┌──
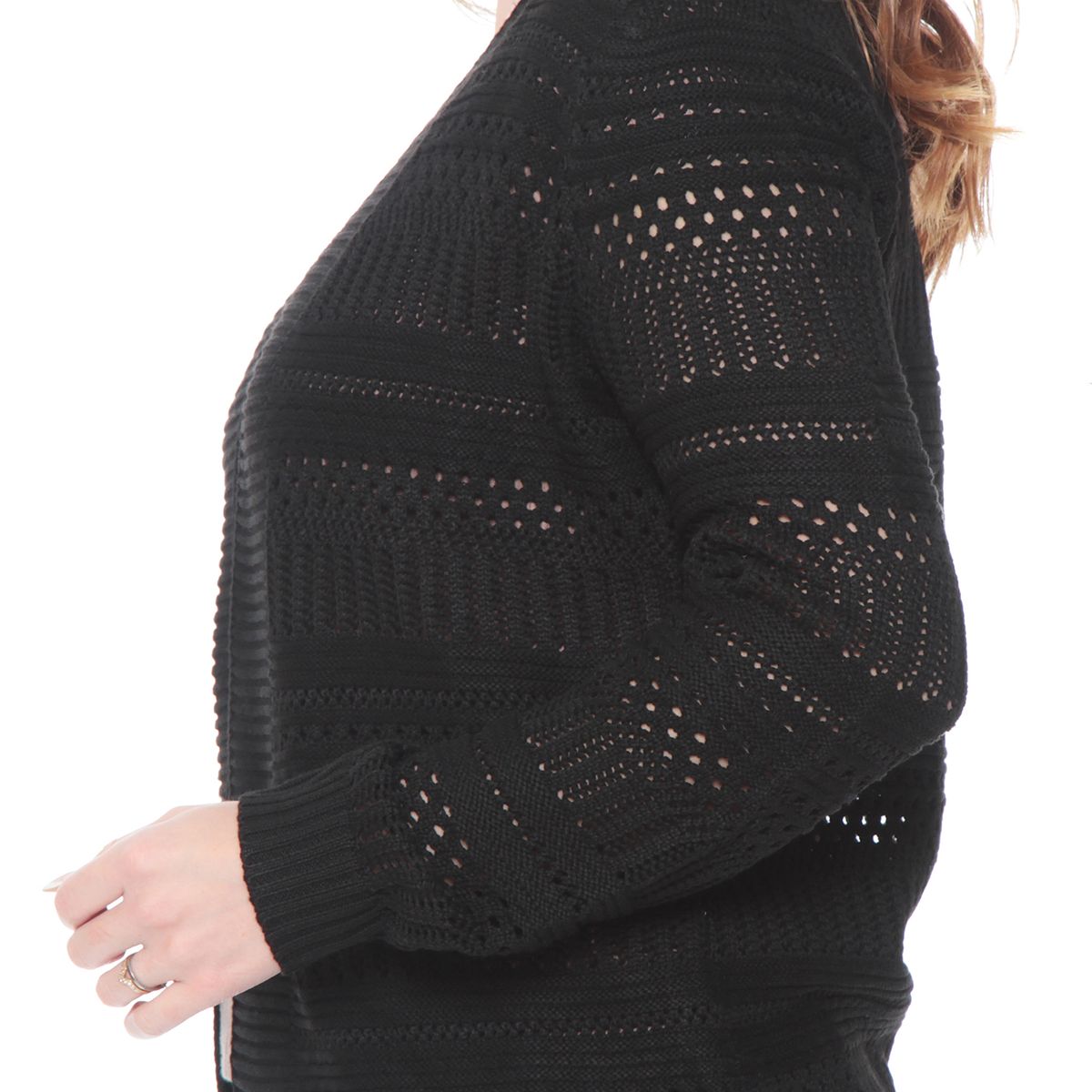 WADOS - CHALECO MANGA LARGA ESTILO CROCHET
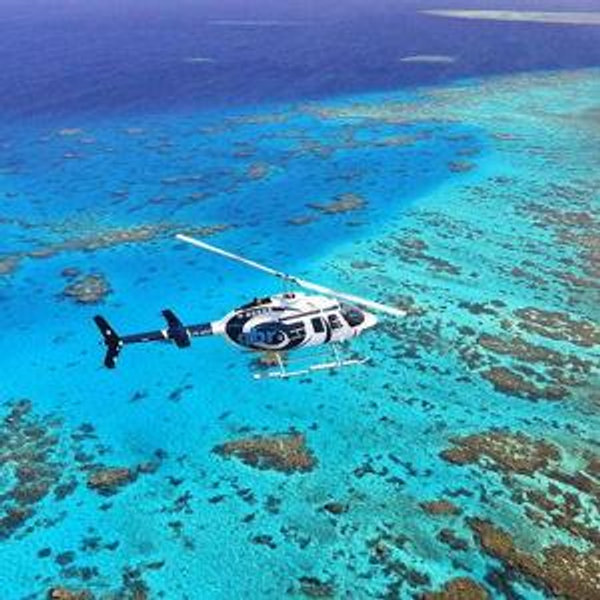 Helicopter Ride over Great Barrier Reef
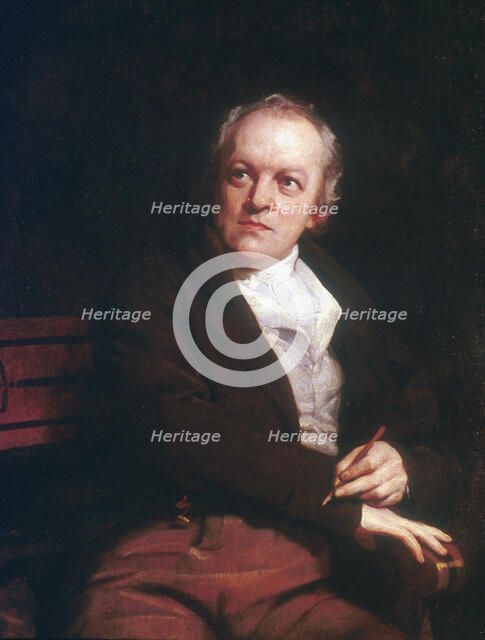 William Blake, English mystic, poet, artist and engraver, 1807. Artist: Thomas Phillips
└──
┌──
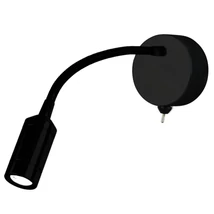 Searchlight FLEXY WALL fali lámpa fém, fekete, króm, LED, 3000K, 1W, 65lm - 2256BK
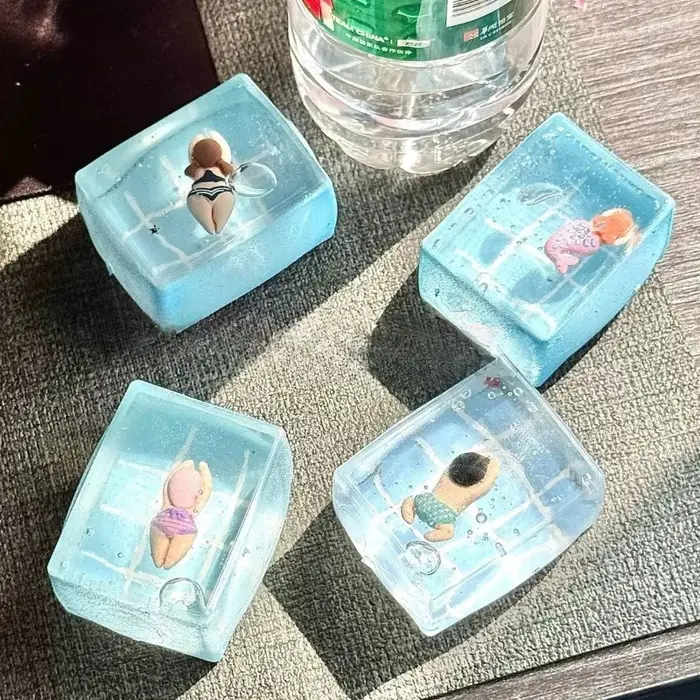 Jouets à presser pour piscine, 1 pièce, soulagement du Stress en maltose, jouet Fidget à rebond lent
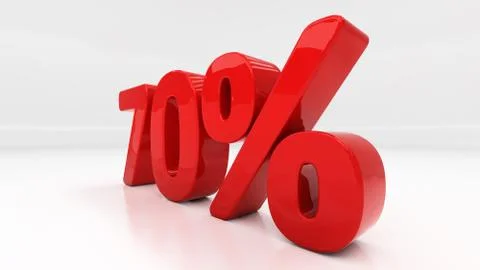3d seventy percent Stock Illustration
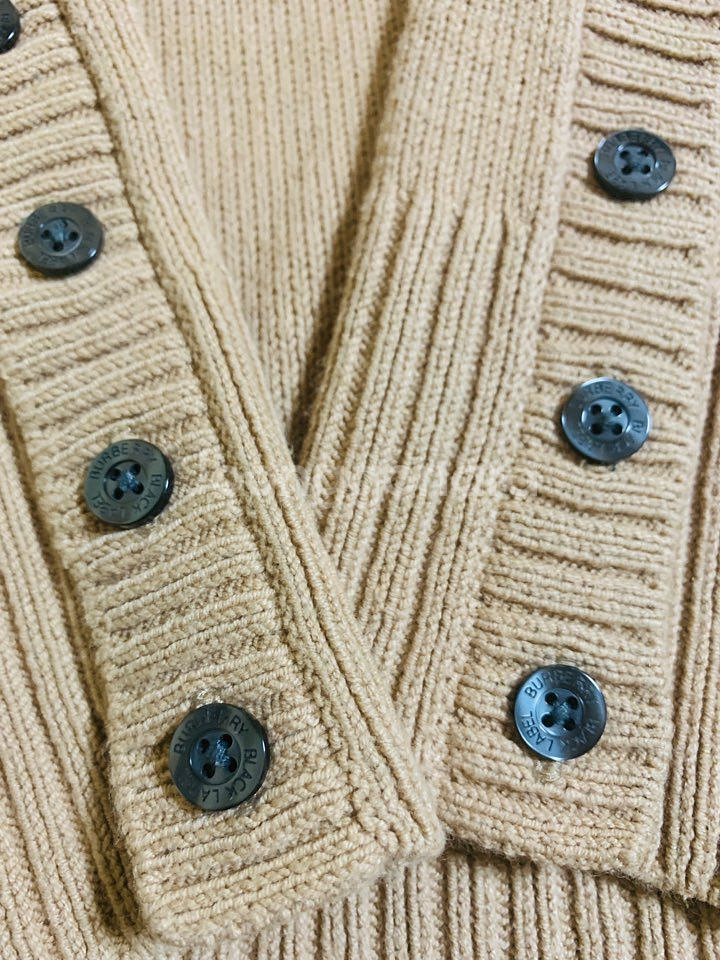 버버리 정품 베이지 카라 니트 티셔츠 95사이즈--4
└──
┌──
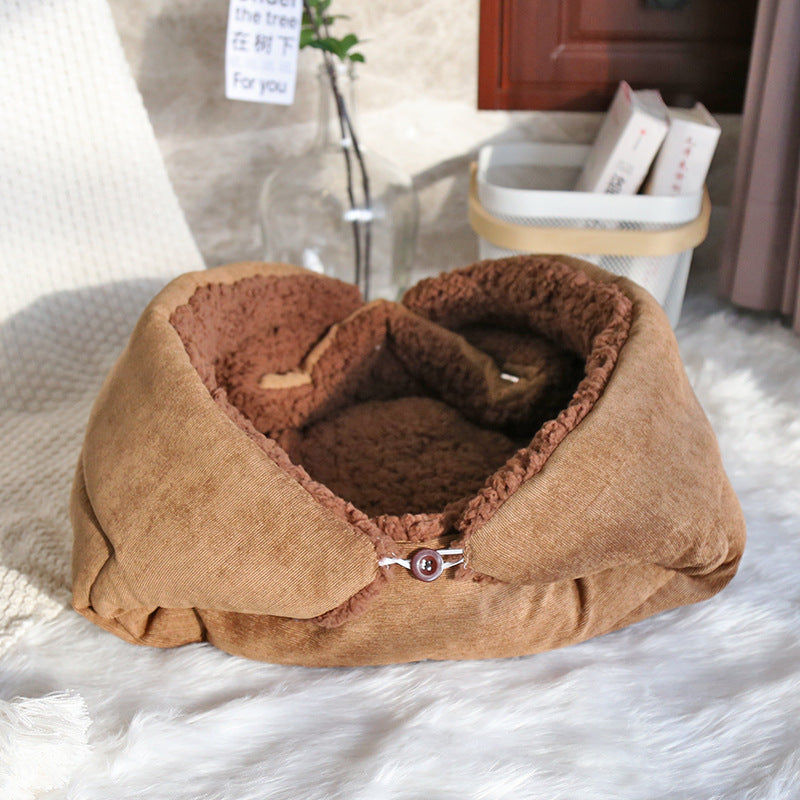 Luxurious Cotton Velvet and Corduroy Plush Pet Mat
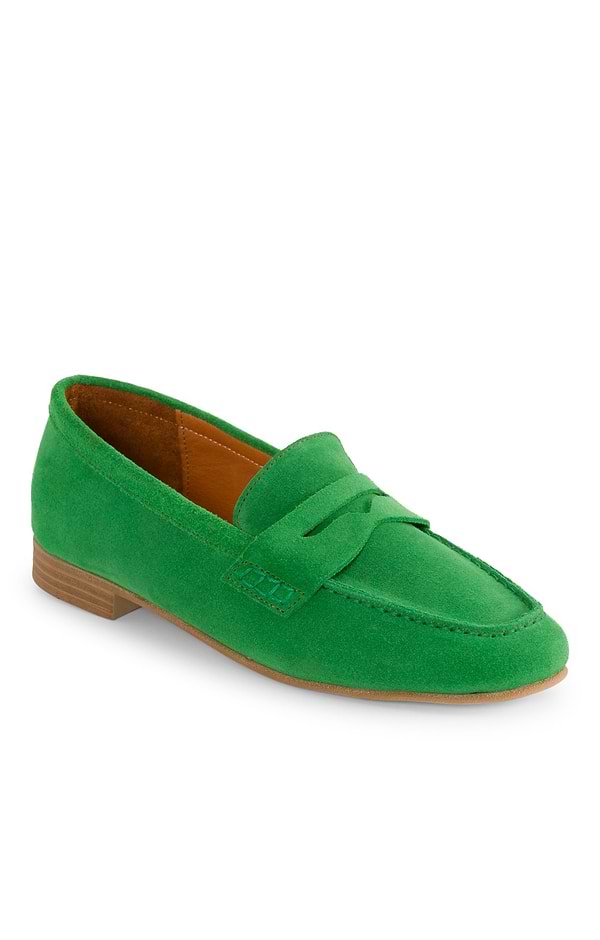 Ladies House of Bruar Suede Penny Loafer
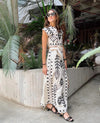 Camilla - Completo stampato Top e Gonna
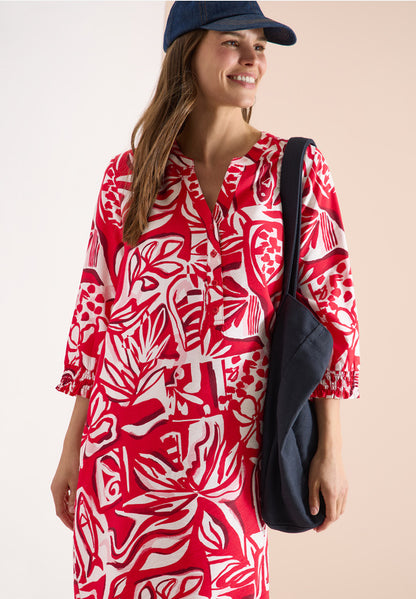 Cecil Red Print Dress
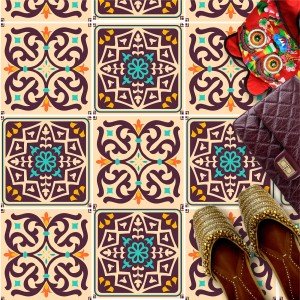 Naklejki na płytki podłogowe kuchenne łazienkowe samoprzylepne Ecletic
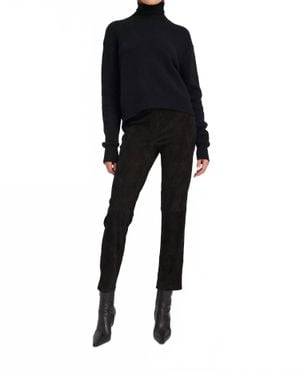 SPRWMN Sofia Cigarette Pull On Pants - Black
└──
◆ **TASK PROMPT**:
Look above for the line containing "WADOS - CHALECO MANGA LARGA ESTILO CROCHET" and the line containing "William Blake, English", then reproduce both and everything between them exactly, pictures omitted.

◆ **WRITTEN ANSWER**:
 WADOS - CHALECO MANGA LARGA ESTILO CROCHET
 Helicopter Ride over Great Barrier Reef
 William Blake, English mystic, poet, artist and engraver, 1807. Artist: Thomas Phillips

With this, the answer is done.